Los medios opositores festejan con algarabía el fallo de la Corte, que conocieron y anticiparon hace varios meses, de rechazó todas las presentaciones de la defensa de Cristina Kirchner en el juicio por la obra pública, y ahora se regodean con tramos del alegato del fiscal y la condena que, anuncian una y otra vez, será dictada antes de fin de año.

El despliegue de este dispositivo de poder no contiene nada muy novedoso o  no visto en el periodismo de guerra: la colusión entre corporaciones mediáticas y una porción significativa de la justicia tiene largo y probado recorrido, pero esta vez traerá la muy esperada condena a la Vicepresidenta, para impactar en el proceso electoral hacia 2023.

Los mecanismos están a la vista con cierta alevosía: el fallo supremo había sido anunciado en títulos y columnas y solo faltaba la determinación del momento político más rendidor. Pero, producida la tan previsible resolución, la redactora Salinas se permitió titular: “Lo había anticipado Clarín”.

El funcionamiento como banda organizada, que empieza con publicaciones acusatorias y, más que eso, sentencias mediáticas, sigue con acciones y resoluciones de fiscales, jueces y tribunales que van cumpliendo puntillosamente los pasos previstos.

La estrella del momento es el fiscal Diego Luciani, quien o bien proporciona al batallón mediático los párrafos que va escribiendo o acaso los recibe al mismo tiempo que las y los redactores. Ya no parece un mito que los dictámenes contra el kirchnerismo salen de cuevas abogadiles al servicio de grandes oligarcas, entre ellos los mediáticos, que alivian el trabajo de jueces y fiscales.

Diego Luciani. Diríase que tiene telepatía con Magnetto y los editores de Clarín.

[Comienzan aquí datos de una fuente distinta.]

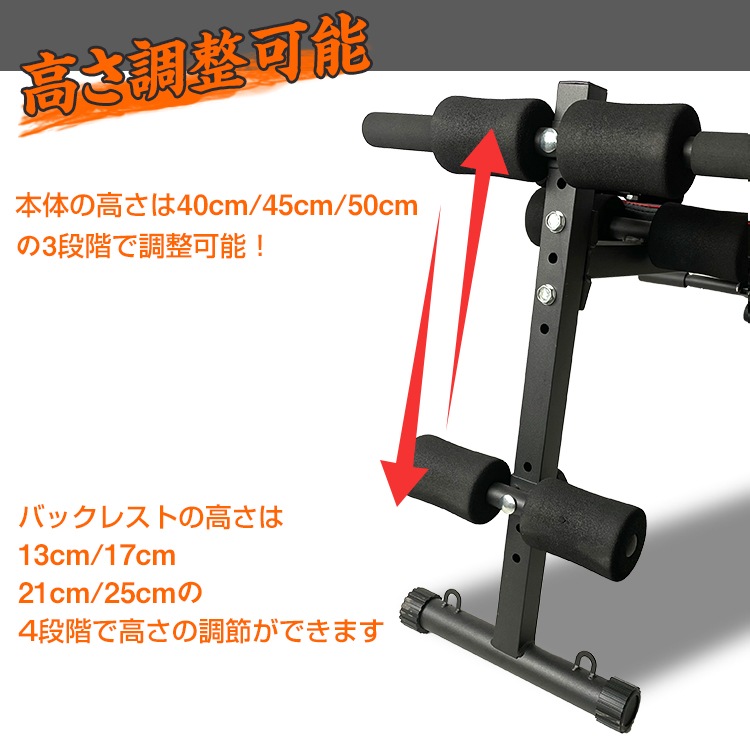 腹筋台 腹筋ベンチ 腹筋マシン トレーニングベンチ 折りたたみ式 高さ調整可能 ハンドベルト付き 筋トレ レッグレイズ シツトアップ プッシュアップ  自宅トレーニング ダイエット トレーニング器具  de098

La Corte “despejó el camino” (título de tapa de Clarín), “allanó el camino” (título de tapa de La Nación), dio un “poderoso mensaje”, escribió Clarín, copiando aquello de la “gran señal de poder” que La Nación festejó cuando los supremos se apropiaron del Consejo de la Magistratura, en el golpe institucional que pisoteó las potestades del Congreso.

Una vez que los cortesanos orientaron acciones “hacia la dirección correcta”, en palabras del talibán Roa, de Clarín, entra en acción el peón Luciani, quien “está preparando una conmovedora exposición”, escribió Morales Solá. De esta supuesta sagacidad salta al grotesco cuando, sin contener sus anhelos, dice que “el alegato será una condena” (un abogado a la derecha, por favor).

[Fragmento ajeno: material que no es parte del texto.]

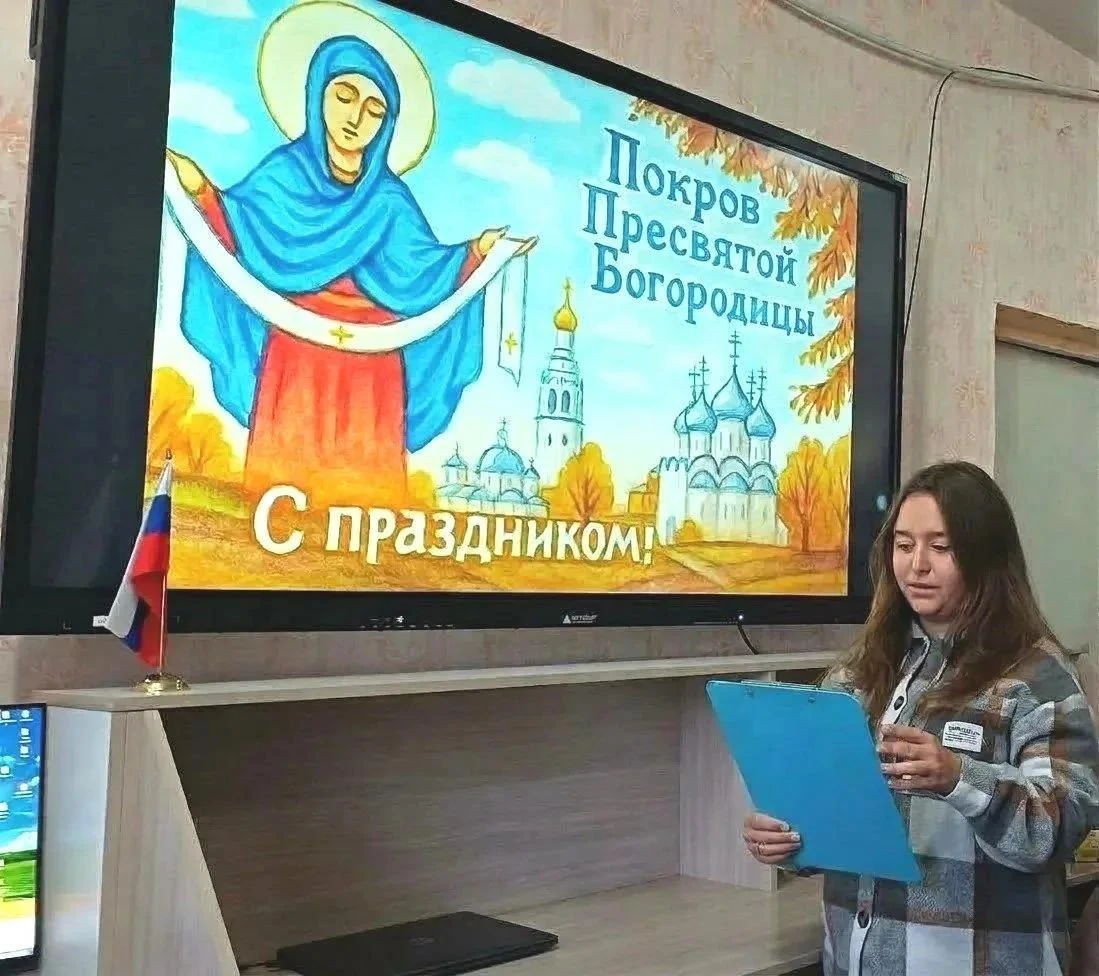 🍂 14 октября весь православный мир отмечает великий праздник — Покров Пресвятой Богоро...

Pero ni siquiera es original. Hace más de dos meses Van der Kooy había saboreado también que la acusación significará un golpe político del que la Vicepresidenta no podrá recuperarse. Y varias y varios columnistas ya saben que está decidida la condena, “antes de fin de año”.

Ella está “acorralada” (Morales Solá) y “empezará su pesadilla” (Di Marco) por el “severo alegato” (Van der Kooy) del fiscal, que hablará de sobreprecios de 65 por ciento en las obra adjudicadas (Salinas).

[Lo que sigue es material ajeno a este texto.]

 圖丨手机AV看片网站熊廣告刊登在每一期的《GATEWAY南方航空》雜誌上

Amistades en el partido judicial para hacer oposición al Gobierno no le faltan a los tanques mediáticos: El juez y la fiscal que intervienen en el caso del “avión sospechoso”, “avión fantasma”, “avión terrorista” de Venezuela no paran de proporcionarles textos e imágenes, sin el menor sigilo en este asunto que sin embargo es definido como grave, “espionaje y terrorismo internacional”.

En este tema sí hubo un matiz diferenciado entre Clarín, La Nación e Infobae: Carlos Pagni publicó que esta es una operación destinada a impedir que Joe Biden avance en un acuerdo con Irán por el programa nuclear, que desde hace dos décadas es usado para mantener viva la hipótesis de conflicto en la región, en tándem con los sucesivos regímenes israelíes. También para que los halcones –sin distinción de partidos- le corten el paso en el acercamiento a Venezuela. Si Pagni acierta con su inteligencia, los daños causados al Gobierno argentino serían apenas un beneficio colateral.

La intervención de Cristina Kirchner en la CTA tuvo las reacciones que siempre recibe “esa mujer”, como la llama Van der Kooy: todo cuanto dijo, y en especial las definiciones sobre planes sociales, fue para hacerle daño a amigos del Presidente, o para ayudar a La Cámpora, o ambas cosas. Es que el “doctor” de TN ya lo había diagnosticado: ella es mala, mala, mala.